Here’s a fun one I got to play with the other day. It’s not so much a vulnerability but some bad coding that could have presented itself to look like a denial of service attack. It triggered rate controls on the WAF, which will often get my attention. Then I looked and saw it was mostly coming from a single IP address. Right there, you can almost immediately rule out DDoS, because the first D is for “distributed”. A single IP isn’t very well “distributed”.
Looking into the IP address, I noticed that it was coming from a media outlet in Latin America. I haven’t seen too many news orgs that want to DoS a site. Plus, all the requests were all going to the same file on a customer’s site, and it was pretty innocuous. It was just a story that was relevant to the news org.
Next, I looked a little more into the file that was being called. I put the URL into a browser and I got a white screen. Nothing. But looking a little more closely, I could see that the page just kept reloading. A “View ->Source” of the page showed nothing. Blankness. Nothing was loading, even though the page was reloading endlessly. What was causing that?
Let’s take a piece out of the transaction. Remove the browser. I opened up terminal and did a curl of the URL and got a response.
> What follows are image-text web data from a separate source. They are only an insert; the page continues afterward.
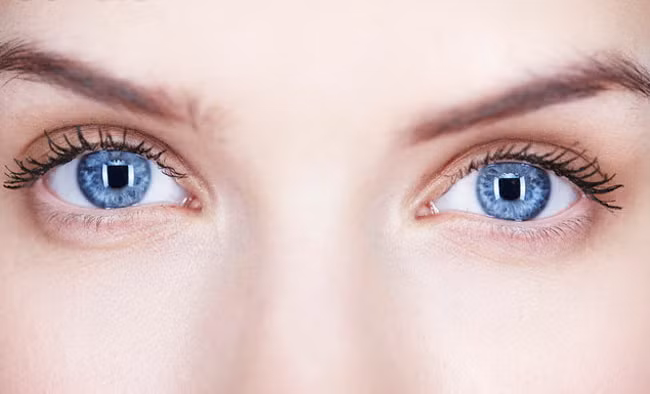 Các chuyên gia cho biết khoảng 20% người dân thế giới có thói quen ngủ mở mắt.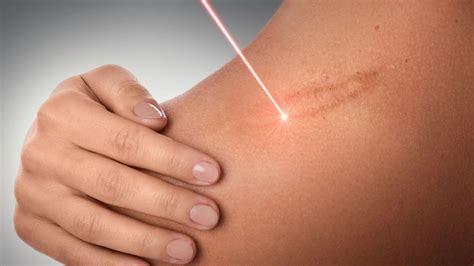 Remoção De Cicatriz A Laser Preço - Laser para Cicatrizes - Dra. Juliana Toma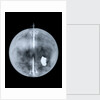 Globe x-ray by Nathaniel Hill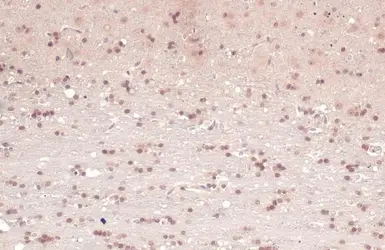 Anti-AChE antibody used in IHC (Paraffin sections) (IHC-P). GTX101648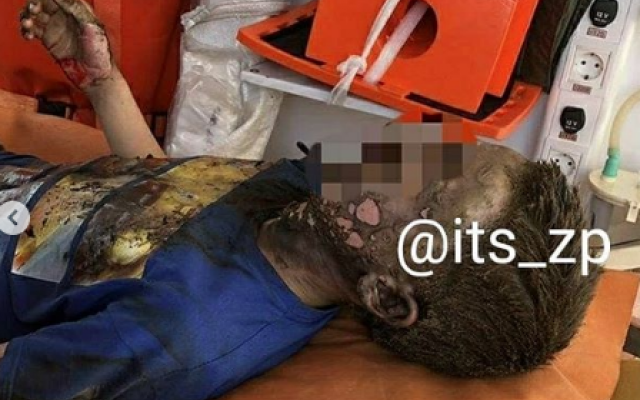 Чудом остался жив: Запорожский подросток пропустил через себя 10 тысяч вольт (ФОТО) Фото № 1 Чудом остался жив: Запорожский подросток пропустил через себя 10 тысяч вольт (ФОТО) Фото № 1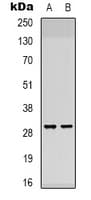 ATP5F1 Antibody (Internal)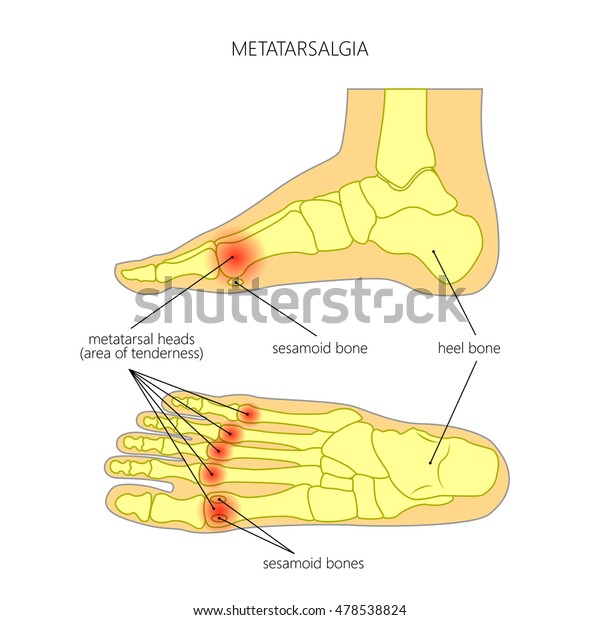 Vector Diagram Forefoot Pain Metatarsalgia Symptom庫存向量圖 免版稅 478538824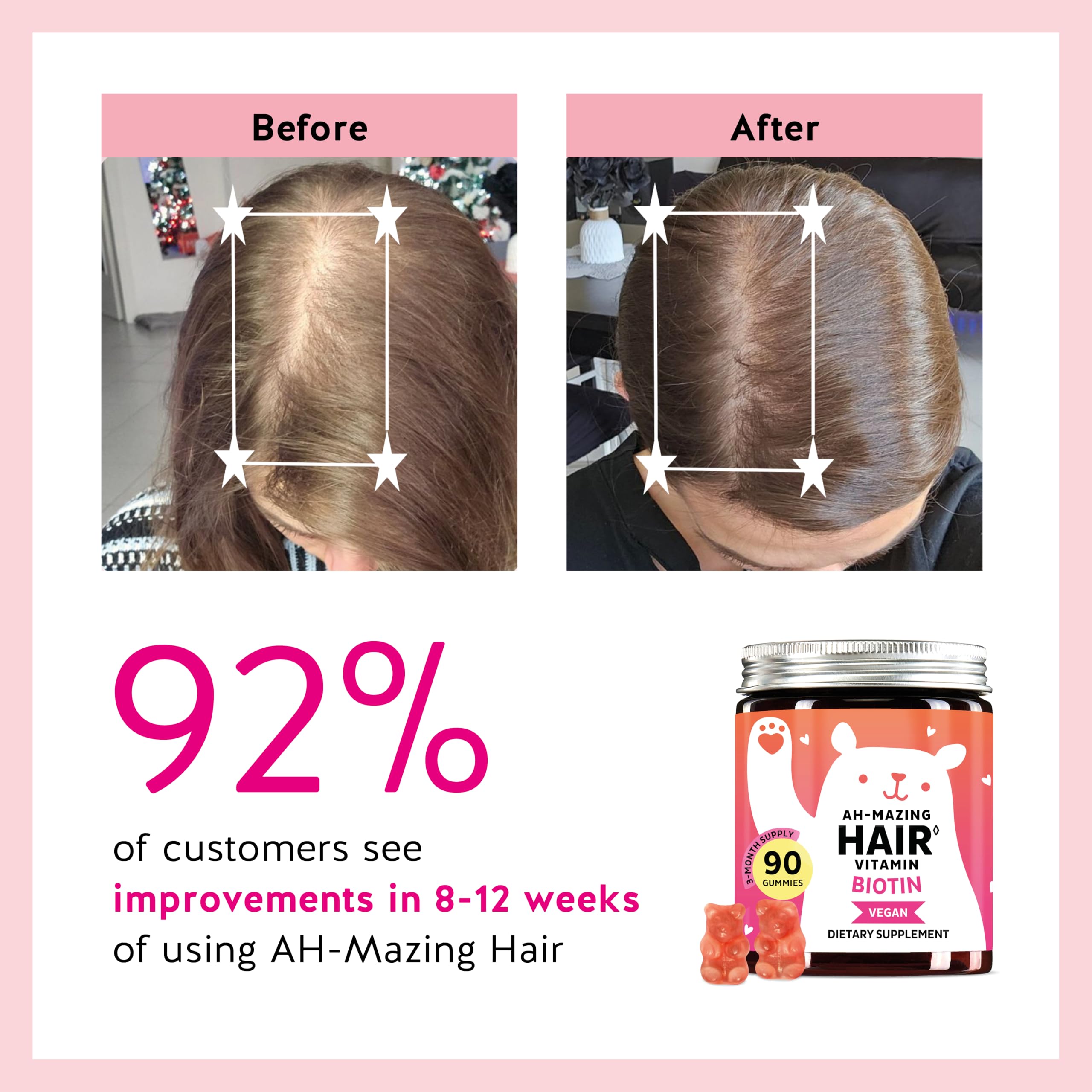 Clean label Biotin Gummies free from titanium dioxide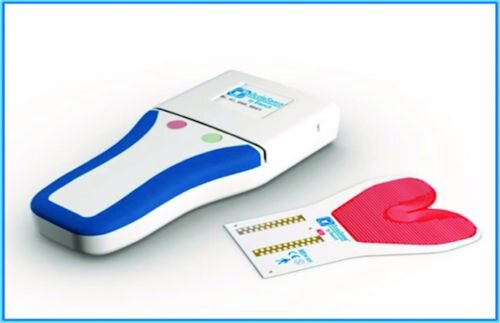 A Review of Digital Occlusal Analysis Technologies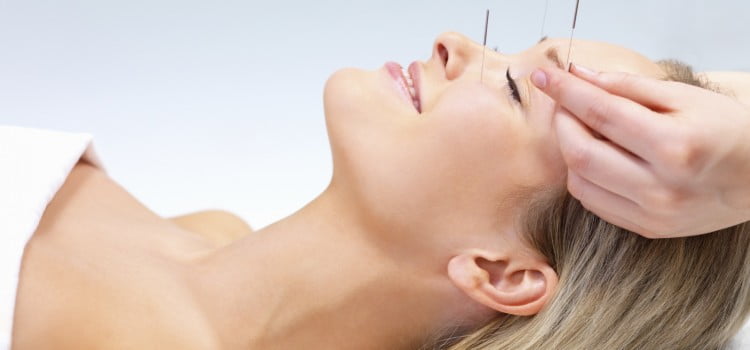 acupuntura-clinica-speciallita-750x350 Acupuntura  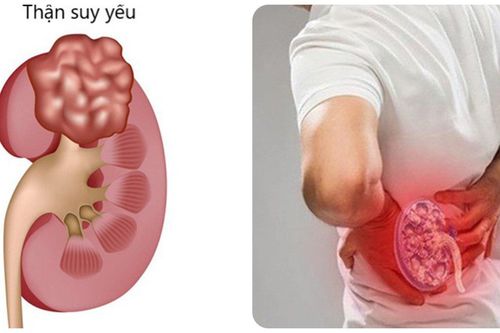 Cách nhận biết thận khỏe hay yếu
Included in the response, in the header was:
<head><meta http-equiv="refresh" content="0;url=/removed/index.html"> </head>
So why did the media site link to this page if it never loads? I suspect the link was old and the refresh changed after the page had been linked. Then everyone who clicked on the link on the media site, to this reloading site, probably left it running for at least a few seconds or possibly just left it running in a browser tab and waited. You get enough of these at the same time and it can look like a DoS. But as we can see, if it looks like a DoS, smells like a DoS and quacks like a Dos, it might still not be a DoS.